Member of the Samoan Parliament for Safata 2
- In office 16 September 2025 – 26 May 2026
- Preceded by: Laumatiamanu Ringo Purcell

Personal details
- Party: FAST (since 2026); HRPP (until 2026);

= Tuia Fuatogi Puʻa Letoa =

Samoan politician

Tuia Logoiai Puʻa Fuatogi Letoa is a Samoan politician and former member of the Legislative Assembly of Samoa. He is a member of the Faʻatuatua i le Atua Samoa ua Tasi (FAST) party.

Letoa is a former chief executive of Samoa Airways. Following the sinking of HMNZS Manawanui in 2024 he called for the New Zealand government to compensate villagers in Safata for environmental damage, and also approached the Chinese government for assistance.

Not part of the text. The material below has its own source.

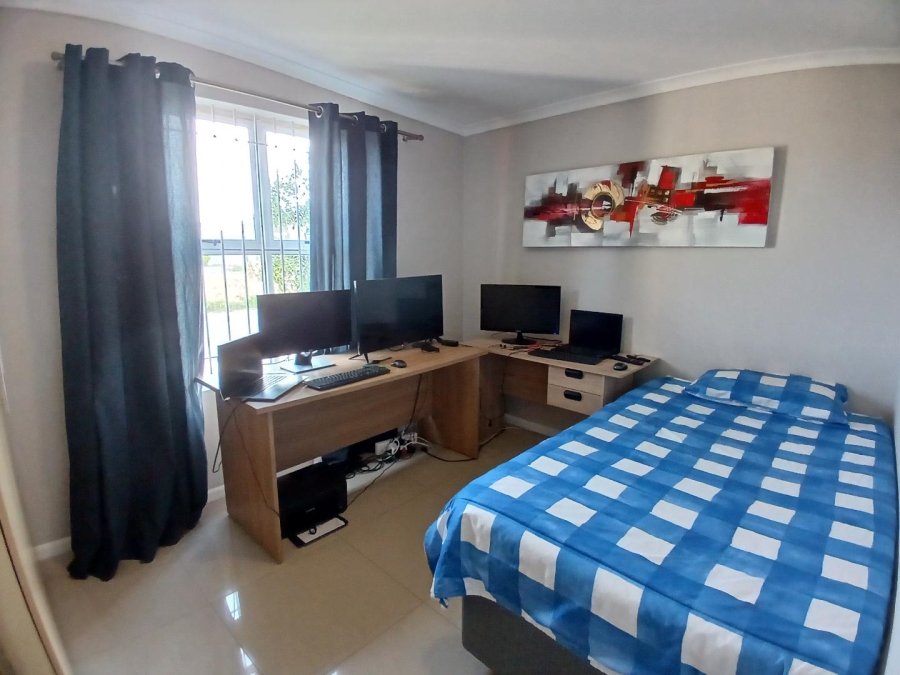 2 Bedroom Property for Sale in Viking Village Western Cape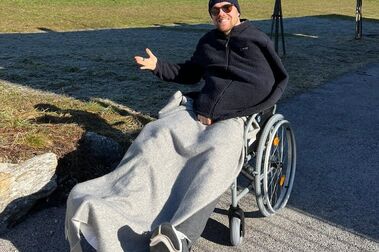 El esquiador noruego Aleksander Kilde sale en silla de ruedas del hospital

He was first elected to the Legislative Assembly at the 2025 Samoan general election as a candidate for the Human Rights Protection Party (HRPP), after winning the Safata 2 seat. Letoa defected from the HRPP to join FAST in May 2026, citing the wishes of his district chiefs. He subsequently resigned from parliament on 26 May to comply with the Electoral Act, which mandates that a representative vacate their seat should they change their affiliation during a parliamentary term, triggering a by-election.